## YOUR OBJECTIVE
Find the line containing "469 Hensley Branch" in the records below. Copy exactly that line and each one after it, ending at the line containing "2019 Dodge Challenger SXT", and nothing more.

## RECORDS FOR PROCESSING
___

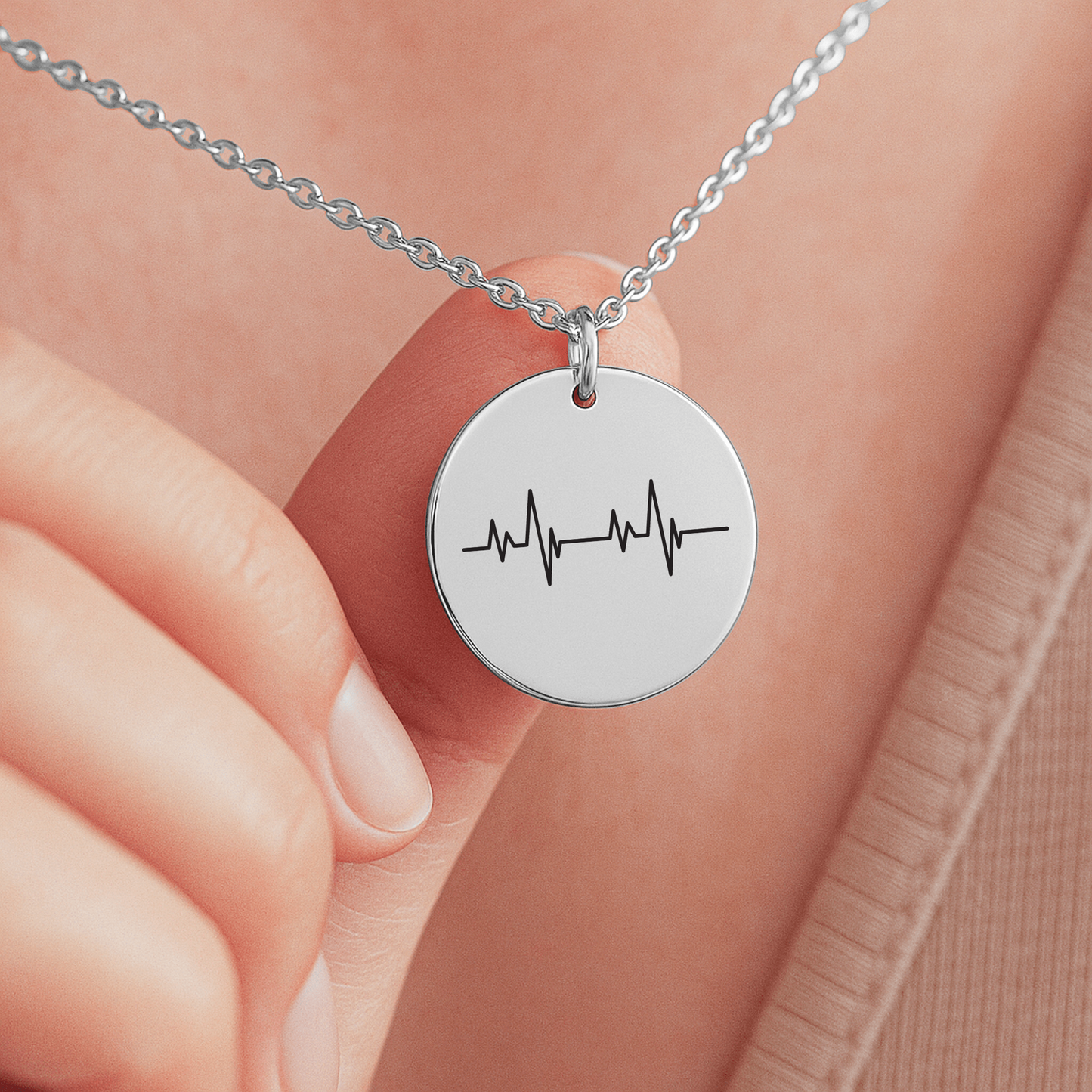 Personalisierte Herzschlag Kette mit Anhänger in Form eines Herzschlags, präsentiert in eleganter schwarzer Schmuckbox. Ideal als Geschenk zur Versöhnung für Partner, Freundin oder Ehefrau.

___

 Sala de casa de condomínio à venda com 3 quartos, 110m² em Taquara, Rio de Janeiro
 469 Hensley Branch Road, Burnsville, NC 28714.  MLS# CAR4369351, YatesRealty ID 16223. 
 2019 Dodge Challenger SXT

___

## TASK SOLUTION
 469 Hensley Branch Road, Burnsville, NC 28714.  MLS# CAR4369351, YatesRealty ID 16223. 
 2019 Dodge Challenger SXT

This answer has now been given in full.